Assignment:
Would you transcribe the entries below, beginning at the line with "FITU Women's 10-24" and ending after the line with "Baby Pacifier Care", exactly, with no picture and nothing more?

Record extracts:
Start of Block

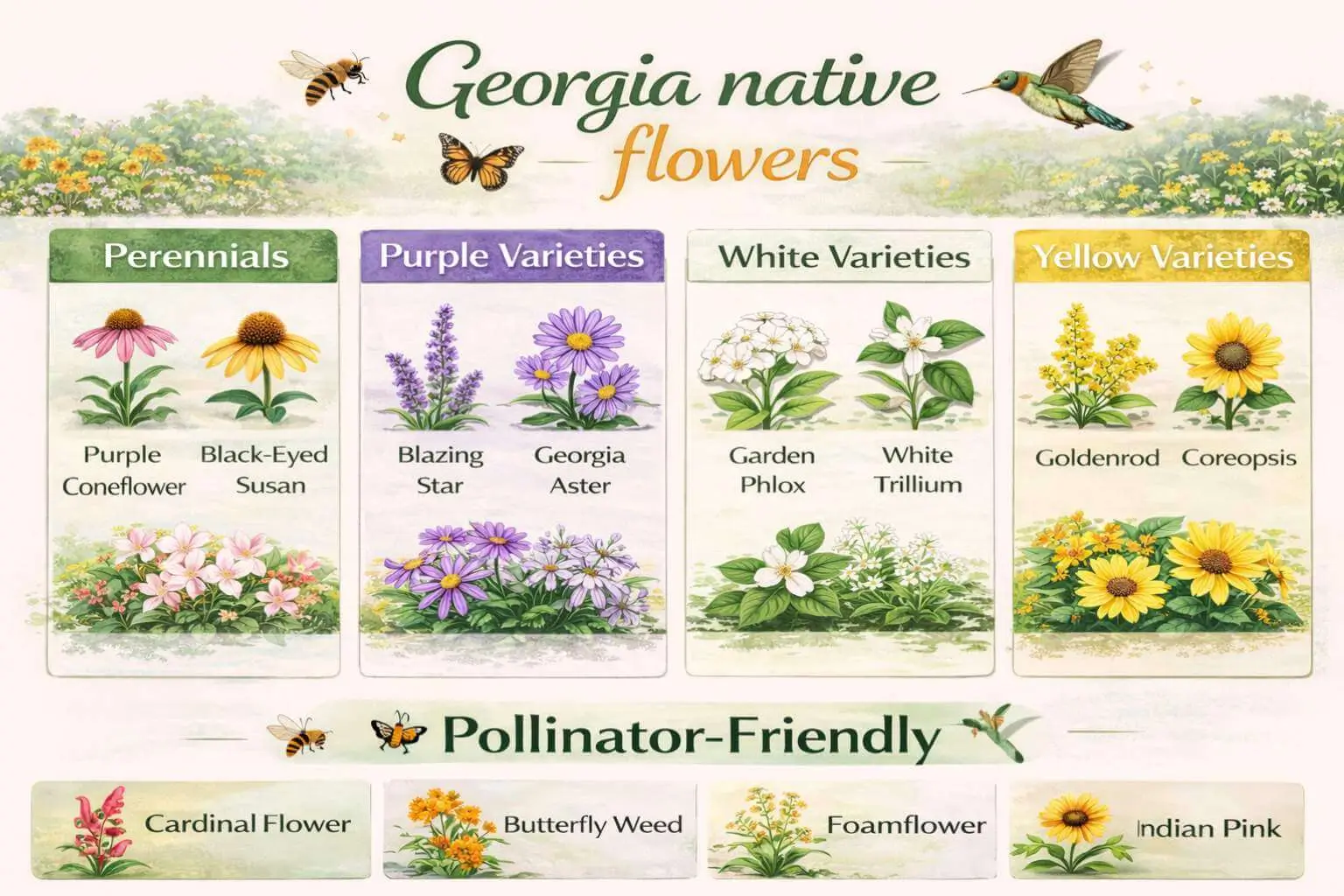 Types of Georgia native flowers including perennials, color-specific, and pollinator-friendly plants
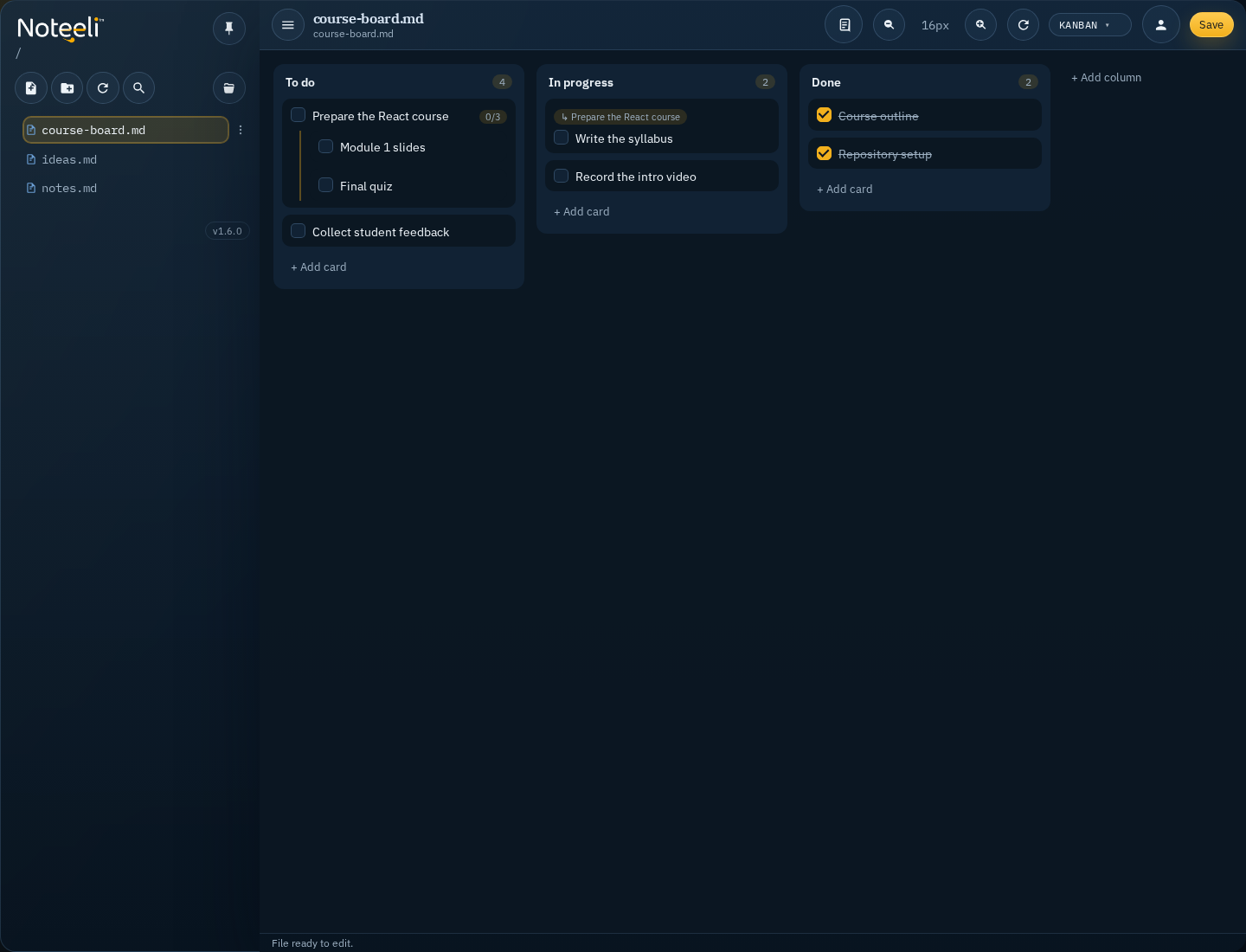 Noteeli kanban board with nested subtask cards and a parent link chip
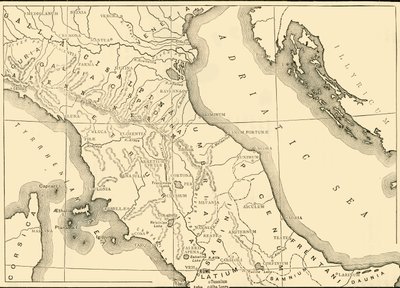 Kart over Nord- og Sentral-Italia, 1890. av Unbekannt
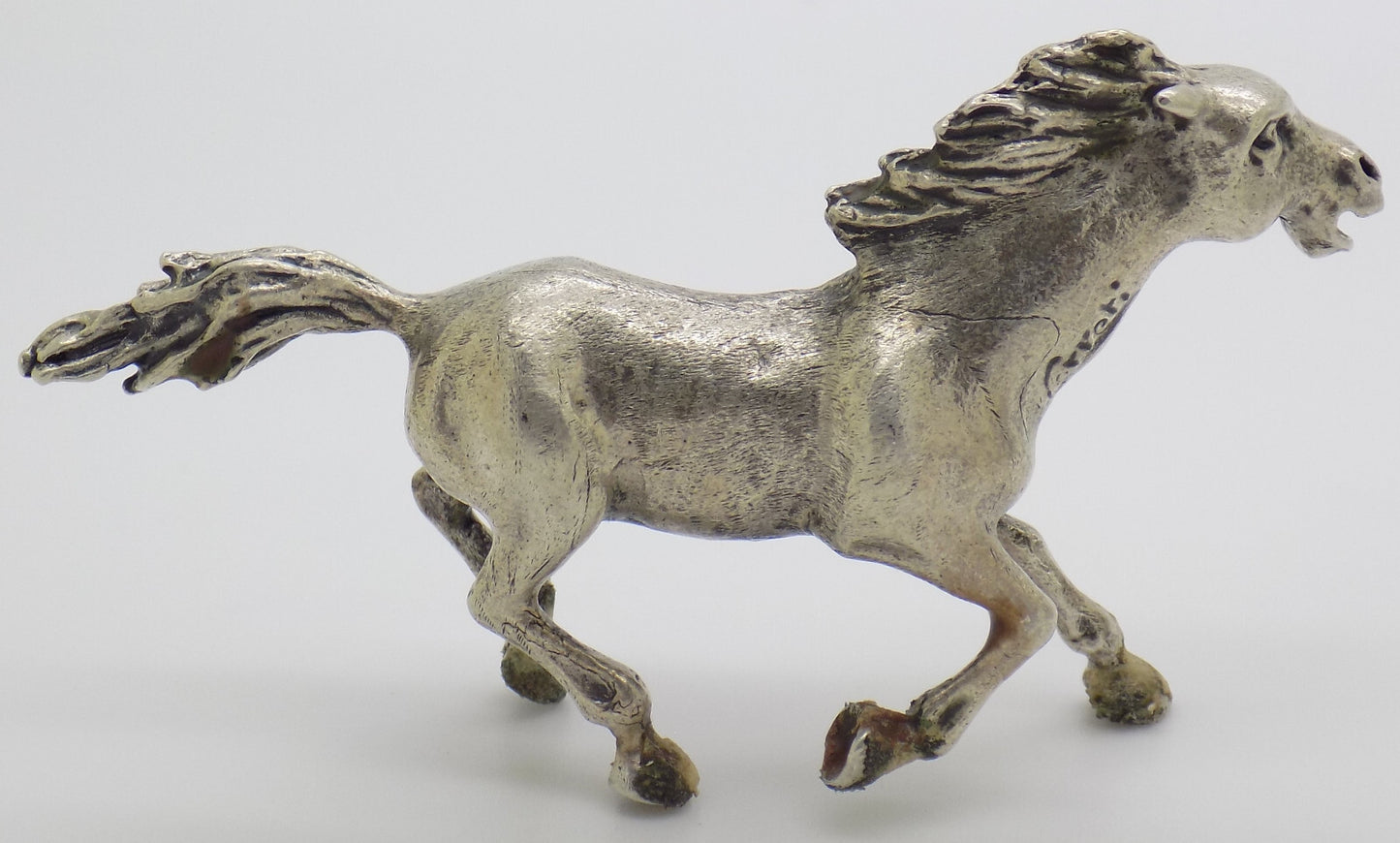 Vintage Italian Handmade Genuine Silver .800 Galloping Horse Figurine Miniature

End of Block
Start of Block

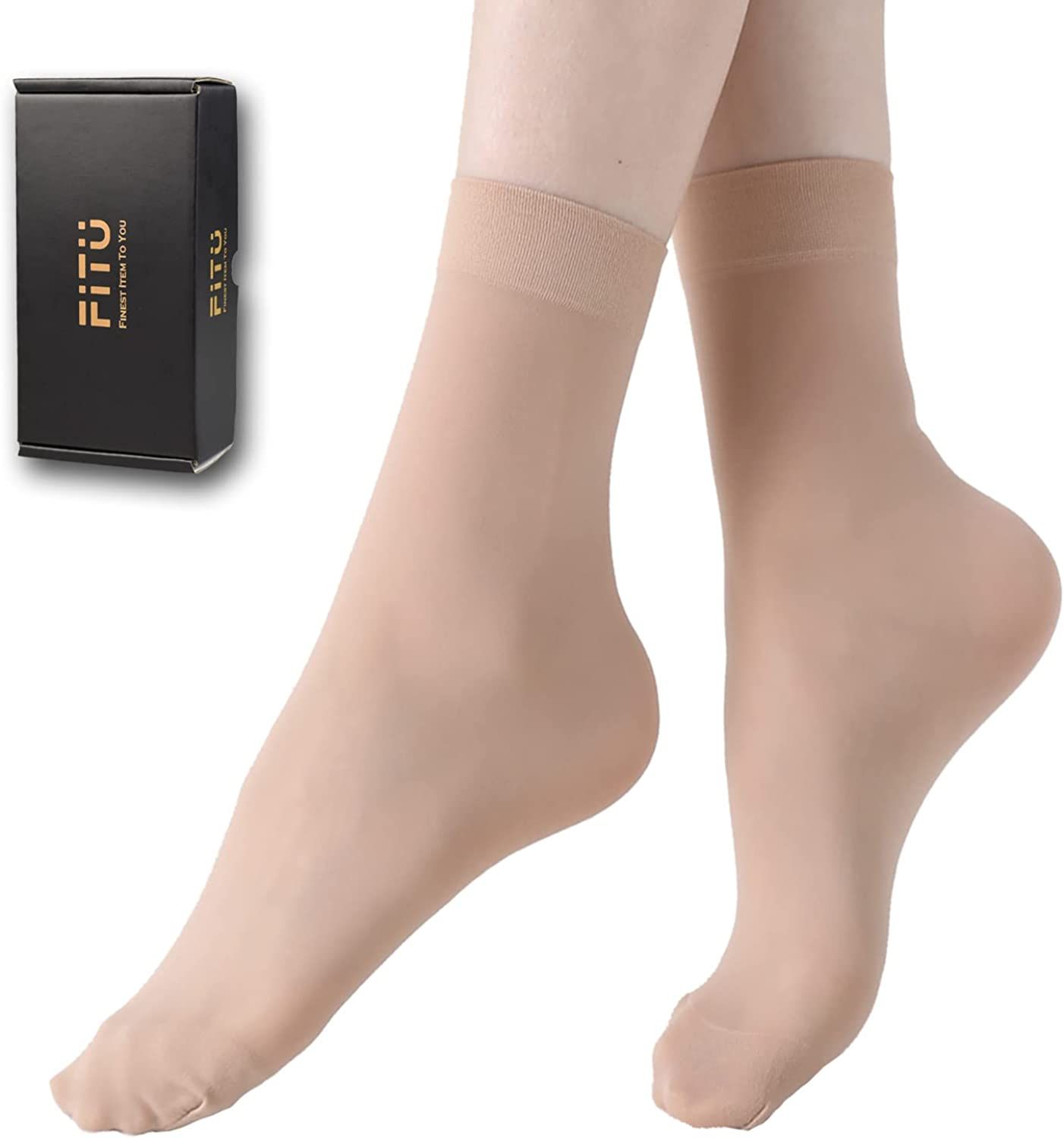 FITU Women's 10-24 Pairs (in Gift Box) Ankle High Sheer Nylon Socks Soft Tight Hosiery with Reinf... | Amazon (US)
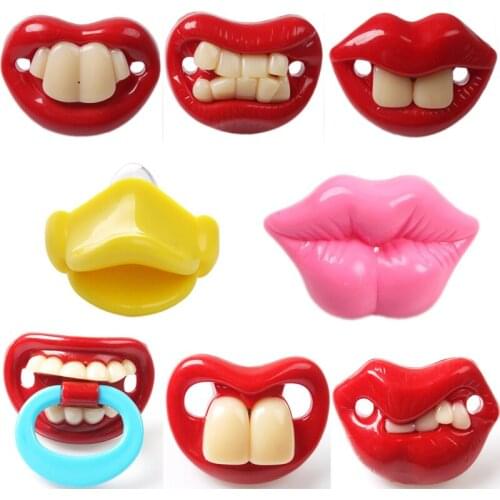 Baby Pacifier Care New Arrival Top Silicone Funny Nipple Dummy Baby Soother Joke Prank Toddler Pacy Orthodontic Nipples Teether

End of Block
Start of Block

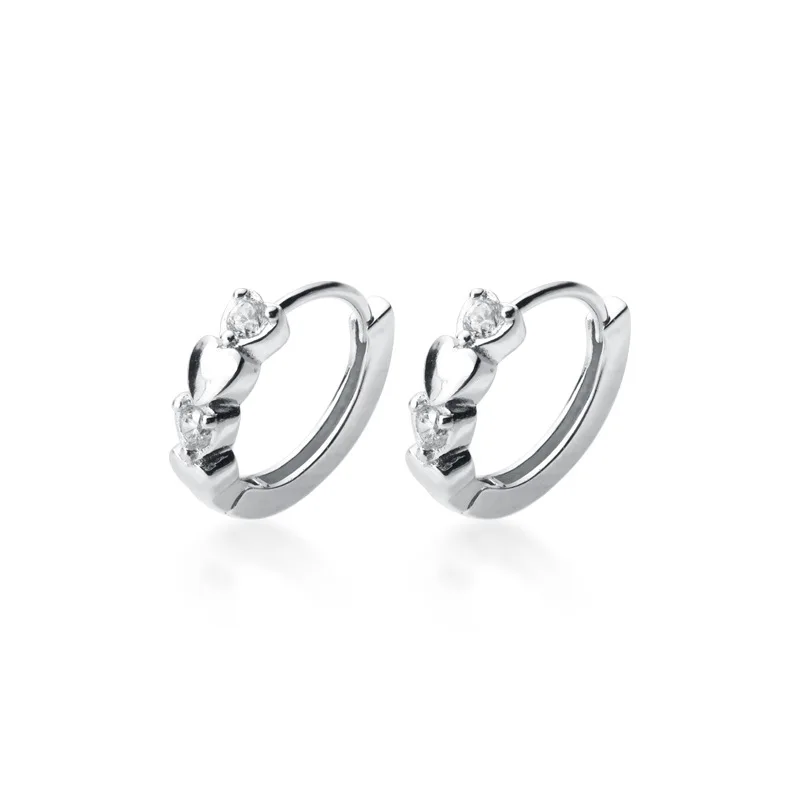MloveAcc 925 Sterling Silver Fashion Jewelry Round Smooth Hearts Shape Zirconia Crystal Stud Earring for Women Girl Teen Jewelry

End of Block

Solution for this exercise:
 FITU Women's 10-24 Pairs (in Gift Box) Ankle High Sheer Nylon Socks Soft Tight Hosiery with Reinf... | Amazon (US)
 Baby Pacifier Care New Arrival Top Silicone Funny Nipple Dummy Baby Soother Joke Prank Toddler Pacy Orthodontic Nipples Teether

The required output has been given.